This brooding drama shows how one of the world’s most famous whistle-blowers nailed a US President. (Review by Patrick Compton - 6/10)

This film’s literal, long-winded title suggests that the real name of the famous “Deep Throat” in the Watergate scandal remains hardly known.

Liam Neeson takes time off from his recent spate of vigilante thrillers to powerfully portray the role of deputy FBI director Mark Felt, the man who became the Washington Post’s key informant during the 1972/3 scandal that toppled Richard Nixon.

Far better known, of course, thanks to movies like All the President’s Men, is the role played by the Post’s two muck-raking journalists, Bob Woodward and Carl Bernstein, whose articles helped to sink Nixon following the break-in at the Democratic Party’s headquarters.
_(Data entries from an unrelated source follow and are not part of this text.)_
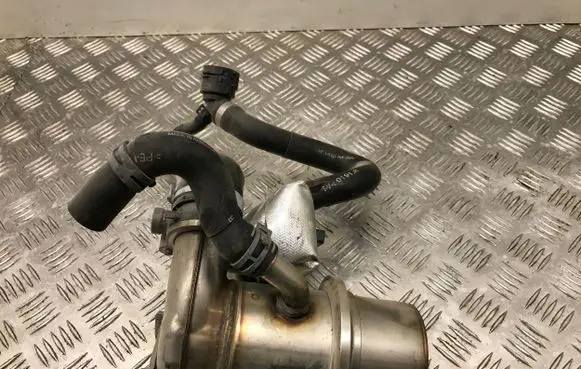 Seat Leon (5F) EGR valve cooler 04L131512BQ HE640001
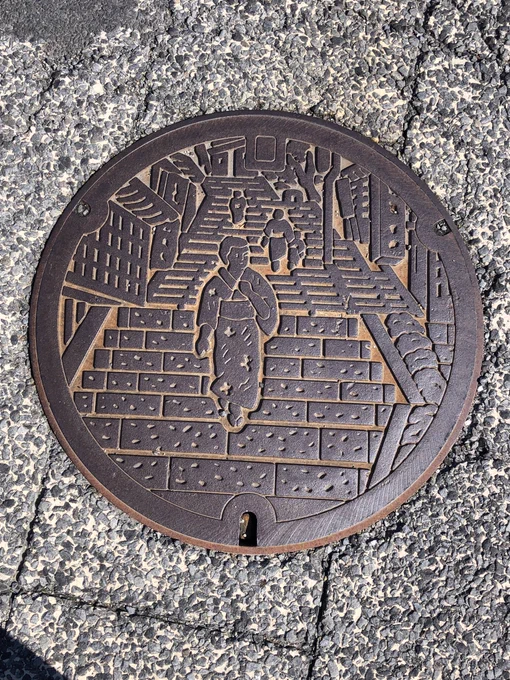 伊香保のマンホール。カミナリ様がめんこい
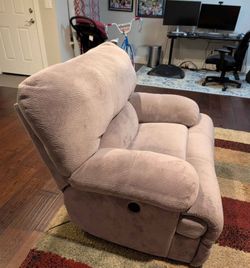 Large power recliner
In fact, it was only when Felt revealed his identity to a magazine in 2005 that his role became widely known.

Neeson gives a solemn, almost monumental performance as a man who has spent a lifetime at the FBI under the dominant J Edgar Hoover who dies shortly after the movie starts. You can almost sense Felt’s halo as writer-director Peter Landesman presents him as an FBI hero, a man who carries his integrity around with him like a suit of armour. The possibility that the White House might be trying to improperly influence the organisation in their investigation of the break-in is enough to trigger a sense of outrage in this career bureaucrat, “the G-man’s G-man”.

A more cynical observer might think that Felt’s motives for spilling the beans might also have something to do with bitterness at being passed over for the top job after Hoover’s death. We can only guess, however, as the film prefers to paint Felt in a more glowing light.

Landesman shoots the film as a noir thriller, full of bleak-toned colours and shadowy profiles. This is a world of spies, double-crossers and men on the make. Among these beasts in the Washington jungle, a sharp-featured Neeson cuts an eerie, almost ghost-like figure as he observes this world of duplicity and corruption.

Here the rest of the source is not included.